Only about 200,000 to 300,000 Christians are thought to remain in Iraq now, mostly in the Nineveh Plains and the semi-autonomous Kurdish region in the country’s north. Around 700,000 emigrated in the violent years that have followed the 2003 US-led invasion and the 2014 appearance of IS, and tens of thousands more have fled to Kurdistan. Politically weak, Christians will be hoping the election process helps rather than hinders the country’s slow progress towards peace.
The vote is going ahead despite a plea from Sunni and Kurdish MPs to delay it to allow more time for people to return home. It has already been postponed from last September, when the military action against IS was ongoing. More than 2.3 million Iraqis, mainly Sunni Muslims but also tens of thousands of Christians, remain displaced.
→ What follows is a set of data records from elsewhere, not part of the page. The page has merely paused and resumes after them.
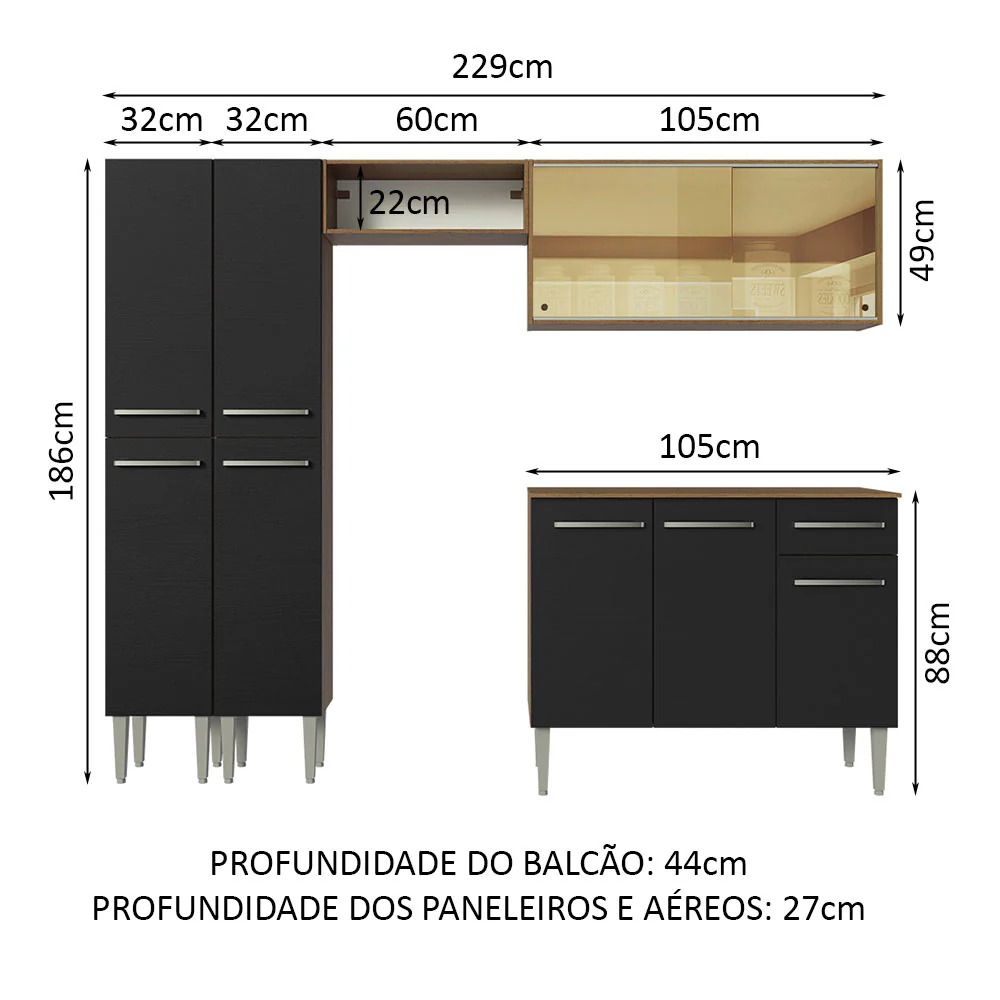 Armário de Cozinha Completa 229cm Rustic/Preto Emilly Madesa 06 - Image 3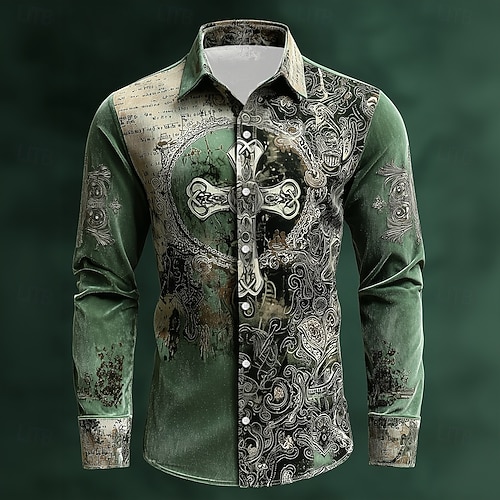  St. Patrick's Day Men's Celtic Cross Intricate Floral Shirt Button Up Shirt Long Sleeve Vintage Retro Holiday Spring Fall Turndown 3D Print Linen Like Shirt Light Green Green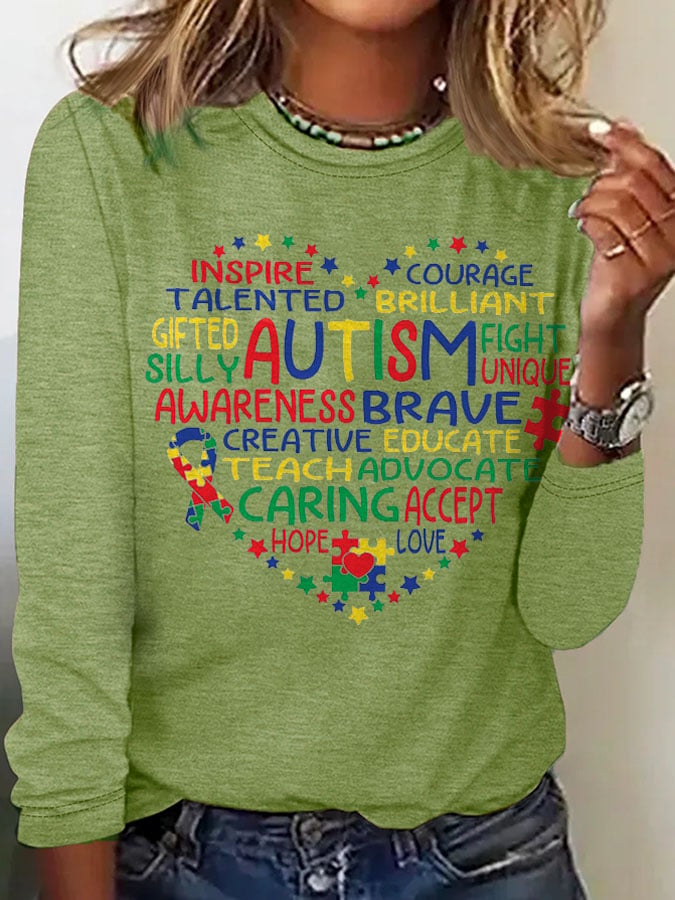 Women's Autism Print Long Sleeve T-Shirt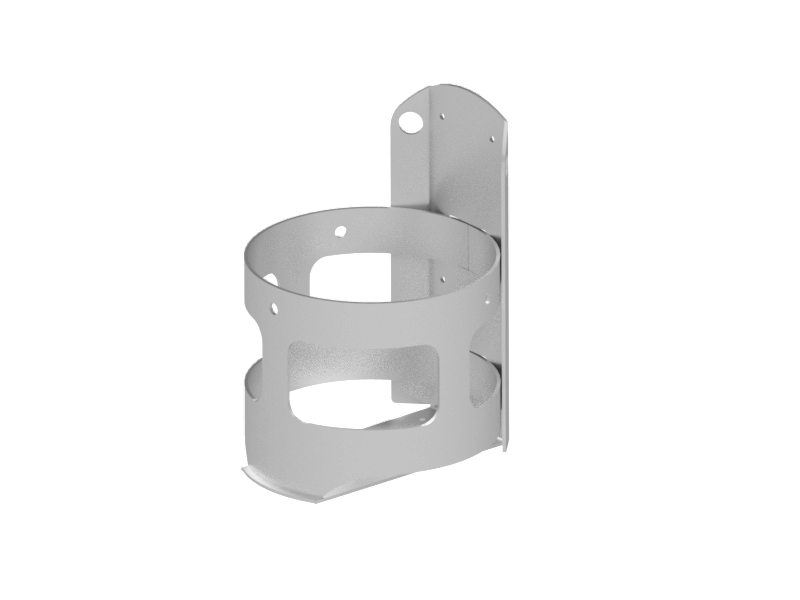 A aluminum propane tank holder with a mounting plate commonly used on vehicles for safe travel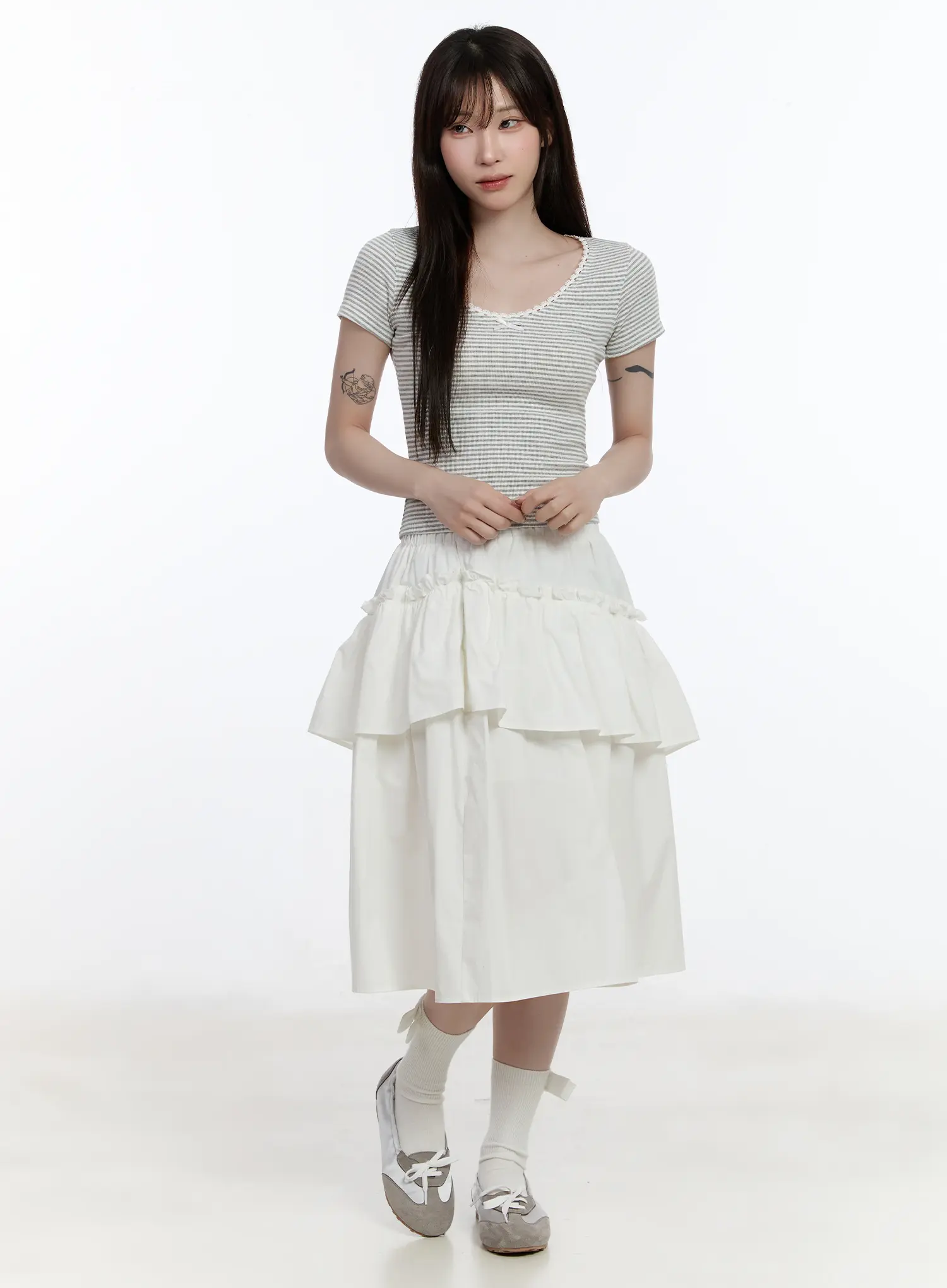 Ruffled Tiered Midi Skirt CA503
Many of the displaced Sunnis are in camps around the former IS strongholds of Mosul and the western Anbar region, and in Anbar the army is still sporadically attacked by IS jihadists.
However, a spokesman for the Iraqi Embassy in London told World Watch Monitor that displaced Iraqis would be able to vote as long as they had the required form of identification. “The High Electoral Commission in Iraq has provided all the necessary requirements for all Iraqis to vote with no exception,” he said, adding that displaced people who no longer have their biometric card, nor the electronic card used in previous years, still would be able to cast their vote if they could produce an official document with their name and photo attached to it.
Some 24 million Iraqis are eligible to take part in Saturday’s elections for the 329 seats of the Council of Representatives. Those elected then will determine the president and prime minister.
Under the country’s quota system, established in 2004-05 after the removal of Saddam Hussein by US-led forces, Christians are allocated five of those seats, and the other non-Muslim minorities a total of four. The Christians’ seats are in Baghdad, Mosul, Kirkuk, Duhok and Erbil.